De l’école à l’université le refus de la mixité dans ces lieux essentiels est le refus du savoir aux femmes. Charlemagne, école pour tous mais surtout pour les garçons qui seront juges, collecteurs, recenseurs. (Les filles instruites sont encore plus dangereuses). A partir du 12ème siècle les parents évoluent et demandent aux curés que les filles apprennent à lire, compter, écrire. Au 16ème siècle, avec la Réforme, les protestants vont inventer les premières écoles primaires mixtes car les filles doivent savoir lire la Bible pour transmettre leur foi face aux catholiques. 1789, les révolutionnaires sont d’accord pour l’instruction des filles mais refusent toujours la mixité. Les caisses sont vides, impossible d’ouvrir deux classes, les filles sont sacrifiées. 1802, lycées de garçons. 1880, premier lycée de filles, loi Camille Sée, mais pas de latin, de philosophie, pas de BAC. 1924, accès au même programme. 1957, écoles primaires mixtes et 1959 lycées mixtes contre l’avis des parents et professeurs. Aussi une loi oblige à la mixité en 1975. Les premières universités sont celles de l’église et ouvertes à ceux qui ont fait des études depuis le plus jeune âge, donc aux garçons, ceux de la clergie dont les filles sont exclues. 1789, fermeture des universités. 1808, création des nouvelles universités ouvertes à tous mais toujours pas de BAC pour les files ! Fin 19ème siècle, étudiants et professeurs refusent le partage du savoir et de la mixité : peur de la concurrence, en médecine, elles sont trop faibles, grossesse, règles, contentez-vous d’être infirmières. Les femmes ne peuvent pas plaider, être notaires malgré le diplôme. La mixité est acquise au 20ème siècle, surtout à partir de 1968 mais pourtant 80% des chaires sont tenues par des hommes.
Qu’en est-il de la mixité professionnelle ? Du 12ème au 19ème siècle, dans la paysannerie on travaille ensemble mais pas aux mêmes tâches.
Certains métiers sont interdits aux femmes (boucher) mais d’autres aux hommes (fileuse), d’autres sont mixtes comme dans la couture.
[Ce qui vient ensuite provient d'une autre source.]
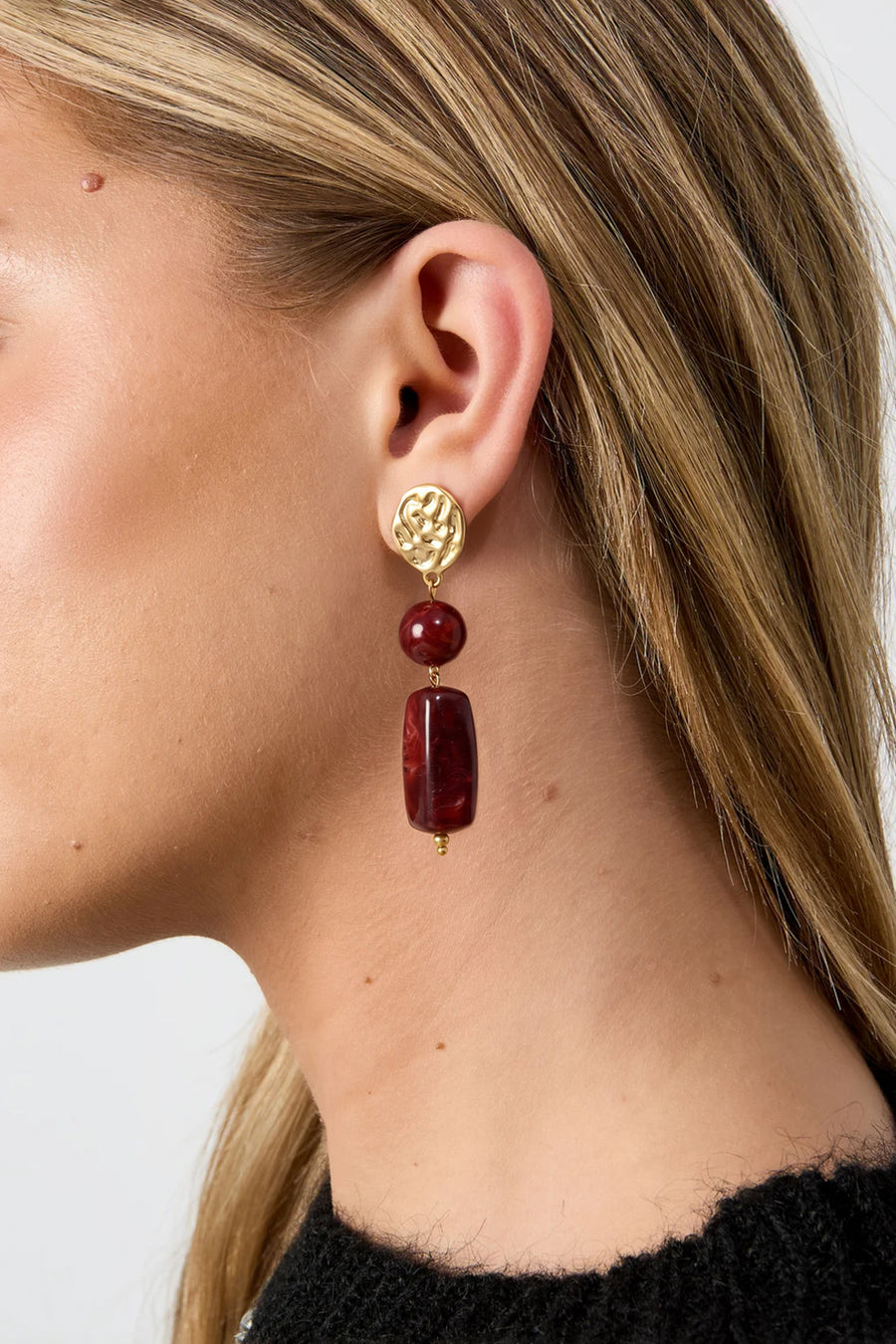 Boucles d'oreilles pendantes perlées pour femmes en acier inoxydable – marron – rétro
Au 14ème siècle, des femmes maçonnes, charpentières mais sous-payées. 1688, interdiction aux femmes de travailler sur les chantiers et les petites marchandes de rue sont assimilées à des prostituées. Révolution industrielle du 19ème siècle, tous travaillent ensemble mais la moitié du salaire pour les femmes (mines). 1899, interdiction de la mixité dans les mines pour cause de promiscuité mais quand difficultés économiques, on revient à la morale pour écarter les femmes et privilégier l’emploi des hommes. La loi Roudy de 1983 interdit toute discrimination professionnelle en raison du sexe, Code du Travail et Code pénal modifiés.
Enfin, quelle mixité en politique ? 1789, les Etats généraux ne comptent que des hommes ainsi que l’Assemblée Nationale de 1871. La Révolution est une mixité volée. 1945, 33 élues sur 586, 2017, 224 députées sur 577 et 98 sénatrices sur 348.
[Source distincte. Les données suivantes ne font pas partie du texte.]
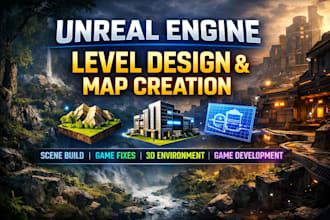 create unreal engine level design, map creation, scene build and game fixes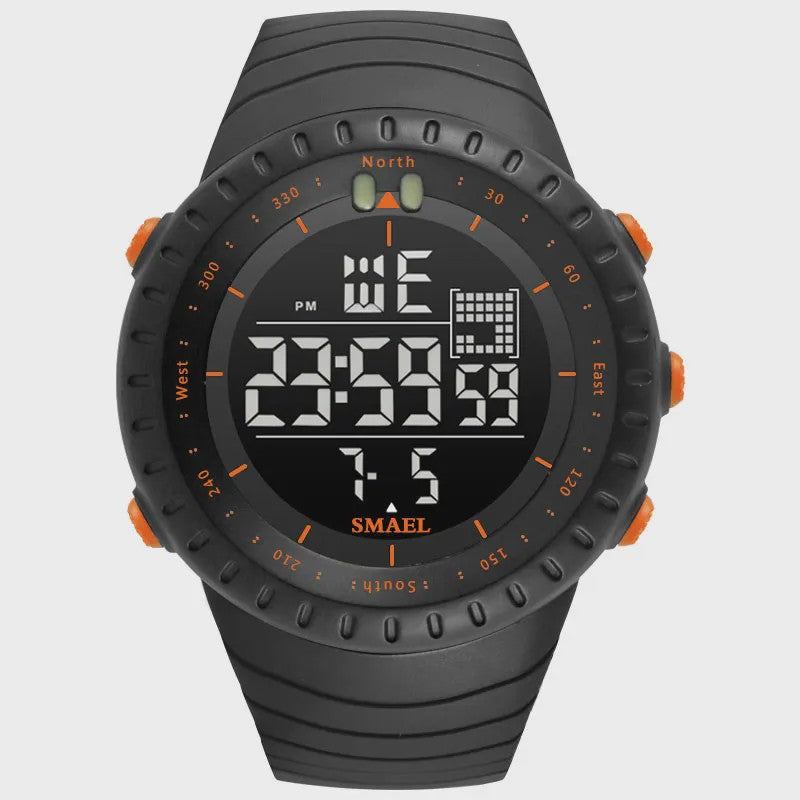 SMAEL Heren Sport Horloge - Waterdicht 50M, Digitaal LED met Alarm & Grote Wijzerplaat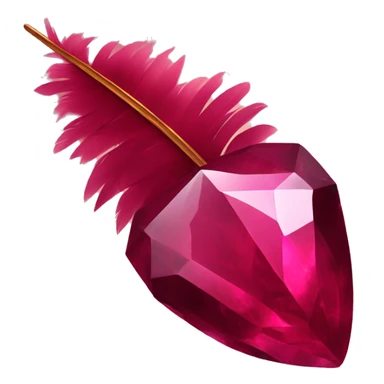 ruby gem wearing a feather sticker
Conclusion : les causes du refus de la mixité, peur du partage, désir de soumettre la femme, peur du corps de la femme mais c’est difficile à comprendre. A l’école, depuis fin 17ème siècle, le masculin l’emporte sur le féminin alors que précédemment, soit accord de proximité (3 jours et 2 nuits entières) ou accord du nombre (2 garçons et 15 filles étaient juchées). Au 17ème siècle c’est l’accord du plus noble qui l’emporte ! La langue est l’architecture de la pensée.
Pour aller plus loin, le livre de Brigitte Rochelandet : Femme, tu te soumettras. La condition féminine au fil du temps.